**Activity:** The required result is an exact copy of every line from the one with "Apartament premium tip" through the last line below, with the pictures left out.
Extracted data: Begin
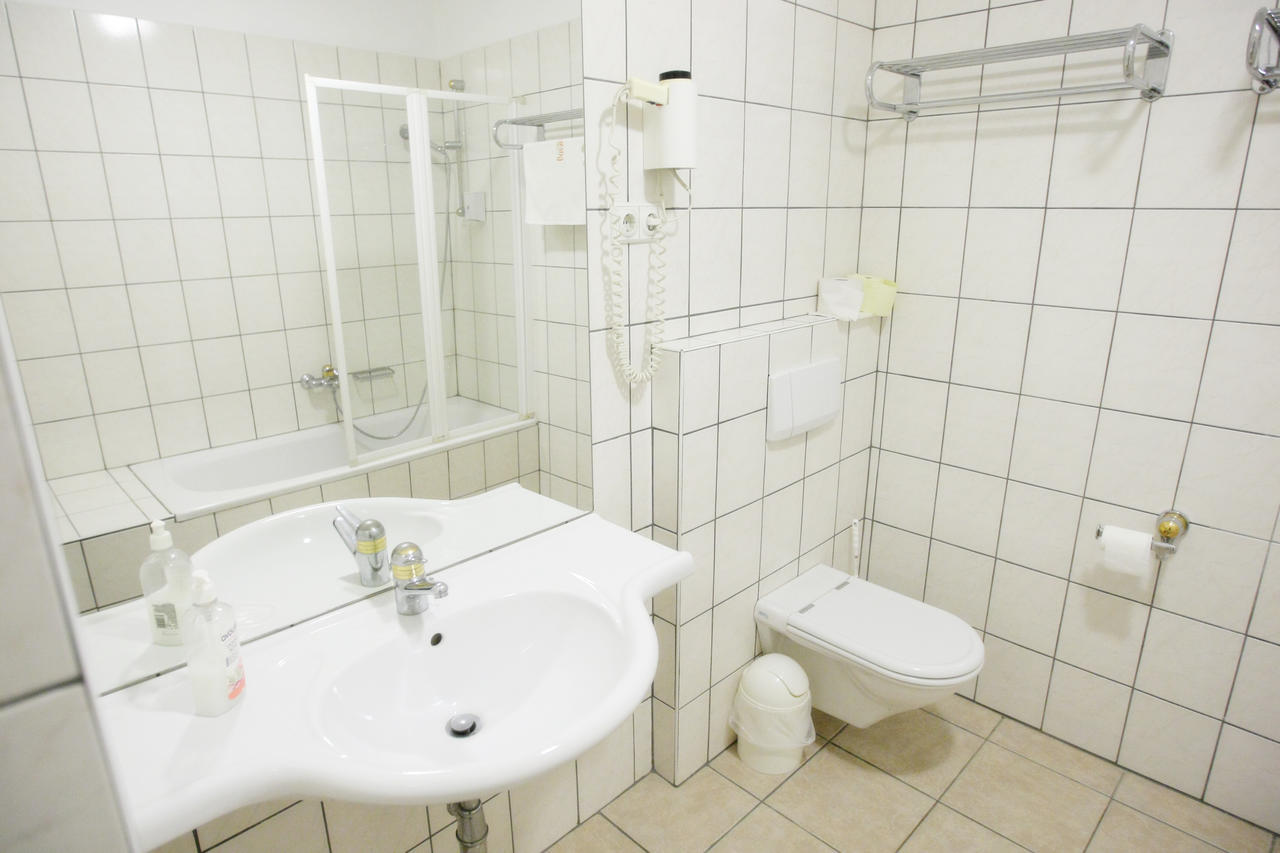 Gozmalom Etterem Es Panzio Bed & Breakfast Körmend Стая снимка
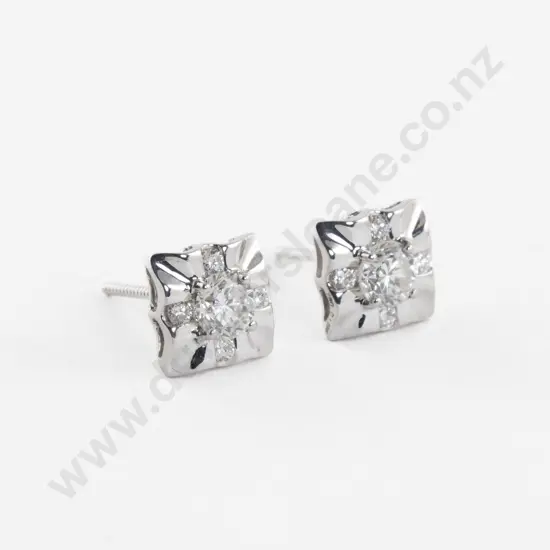 18ct White Gold Ten Stone Diamond Stud Earrings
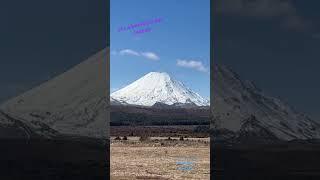 Beautiful winter day  #winter time at #aotearoa   #newzealand mtruapehu with #thefrakarsas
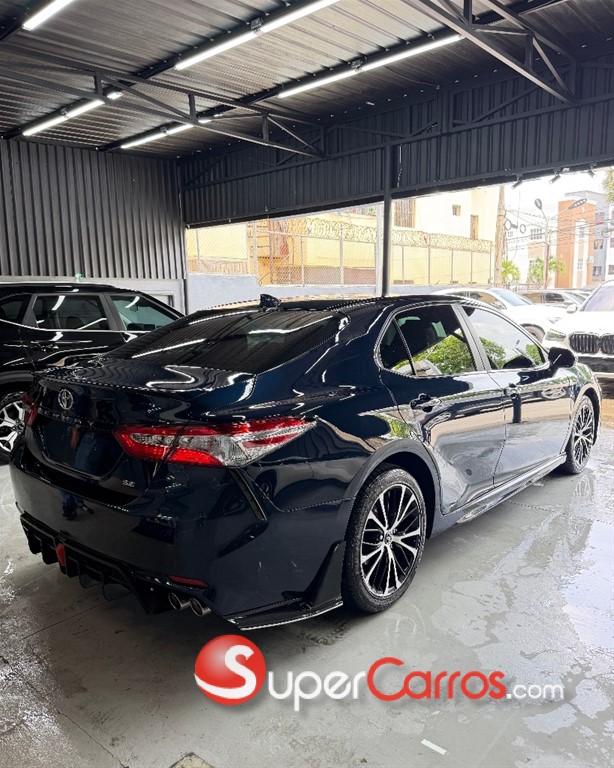 2020 Toyota Camry SE — foto 5 / 12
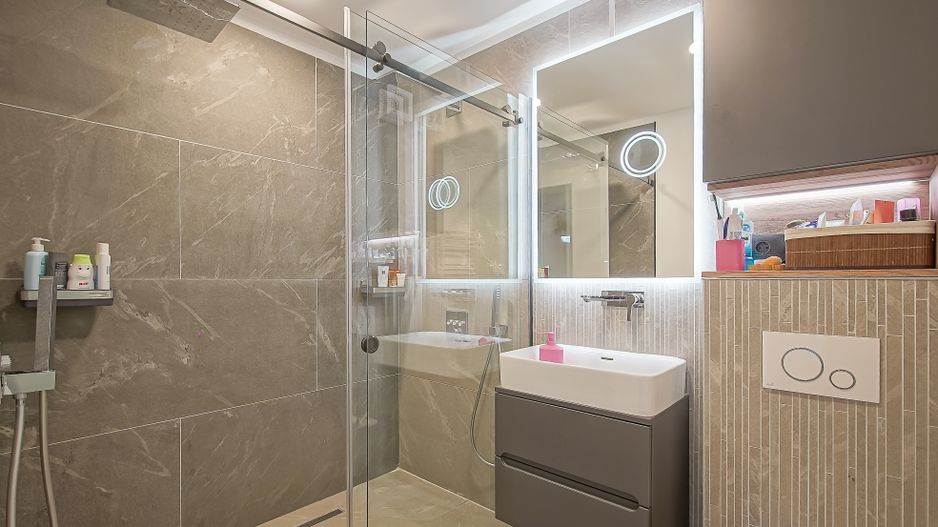 Apartament premium tip vilă, cu terasă de 70 mp, garaj | Răcădău - Poză 20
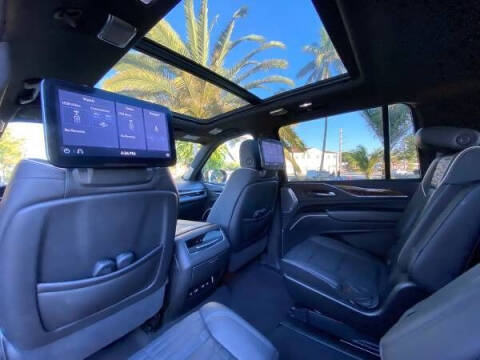 2021 Cadillac Escalade ESV Premium Luxury Platinum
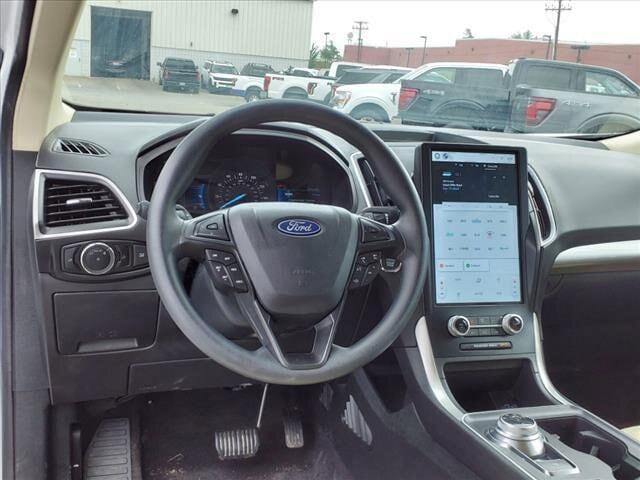 new 2024 Ford Edge car, priced at $29,995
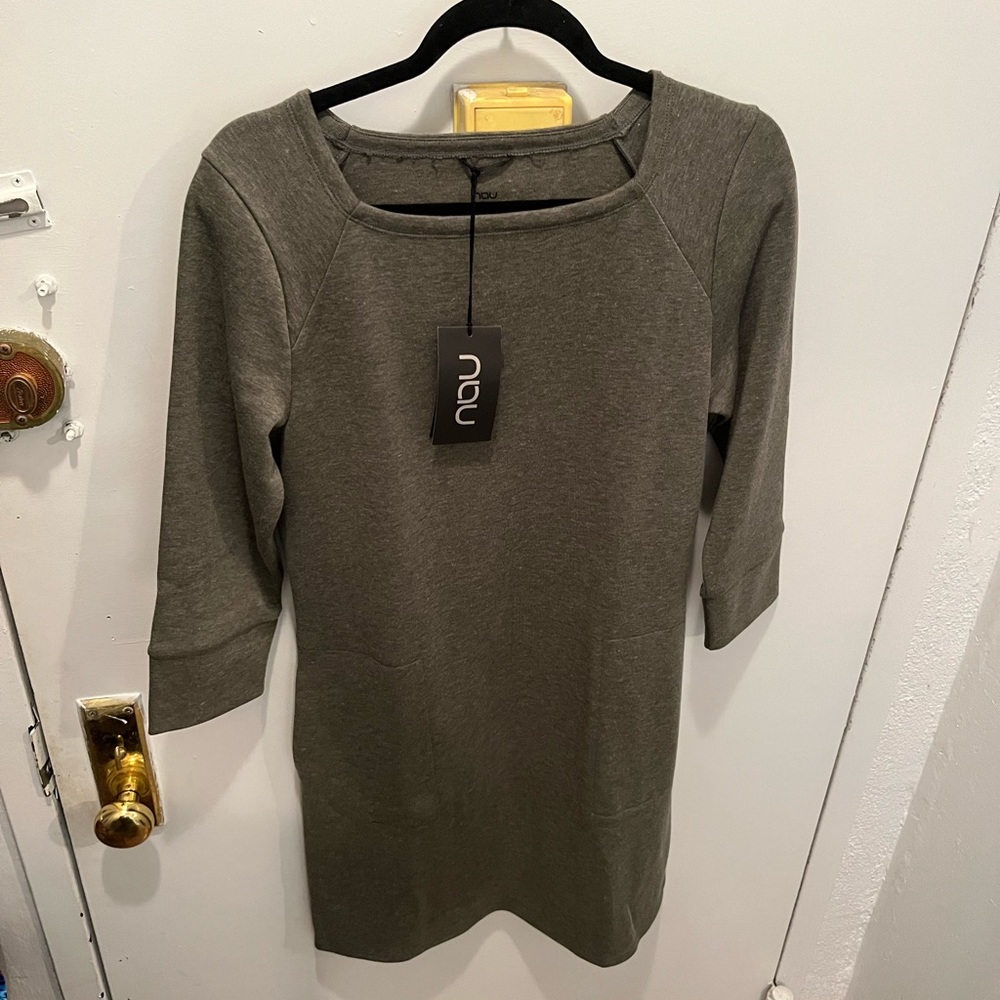 Nau knit dress with pockets x 2 - gray (small) and black (medium)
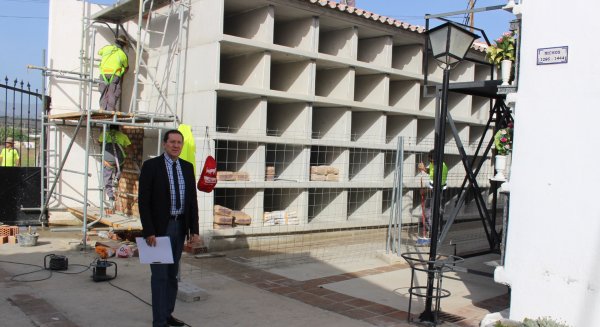 Vélez-Málaga efectúa mejoras en los cementerios municipales y el columbario del cerro de San Cristóbal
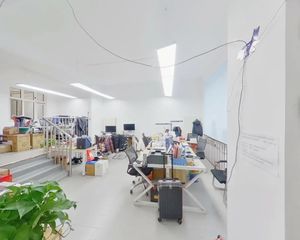 新上九棵树(家乐福)·世爵源墅·6室·3厅 西边户 看房方便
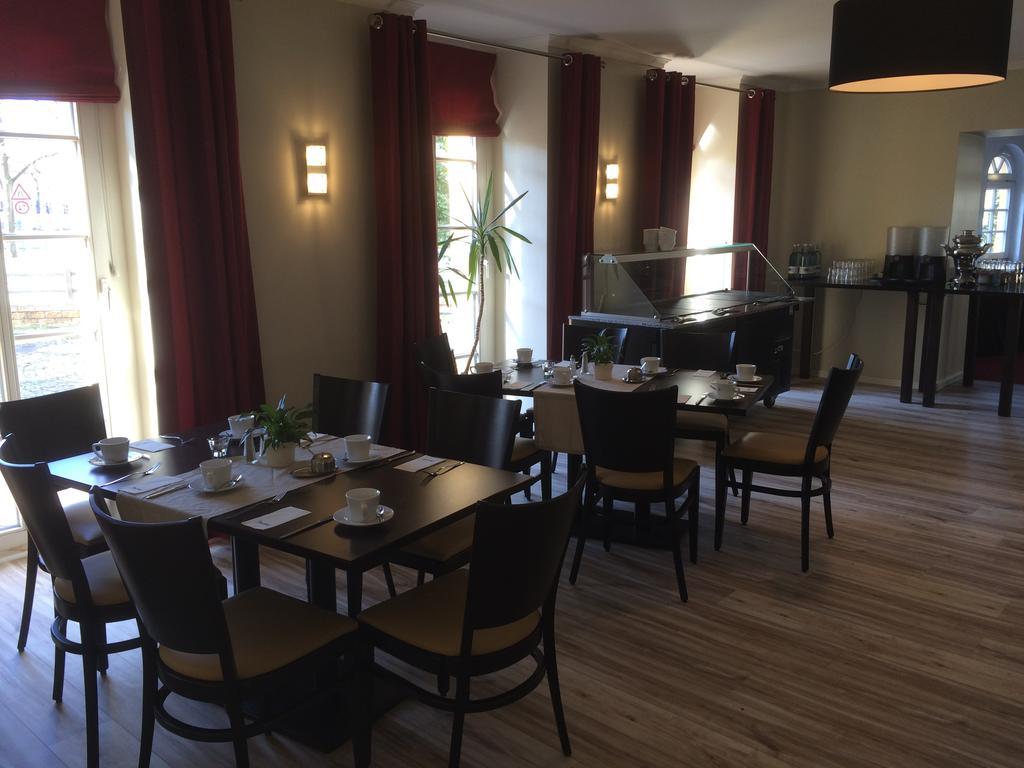 Hotel Und Restaurant Kranichsberg Woltersdorf  Eksteriør bilde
Extracted data: End
**Exercise answer:**
 Apartament premium tip vilă, cu terasă de 70 mp, garaj | Răcădău - Poză 20
 2021 Cadillac Escalade ESV Premium Luxury Platinum
 new 2024 Ford Edge car, priced at $29,995
 Nau knit dress with pockets x 2 - gray (small) and black (medium)
 Vélez-Málaga efectúa mejoras en los cementerios municipales y el columbario del cerro de San Cristóbal
 新上九棵树(家乐福)·世爵源墅·6室·3厅 西边户 看房方便
 Hotel Und Restaurant Kranichsberg Woltersdorf  Eksteriør bilde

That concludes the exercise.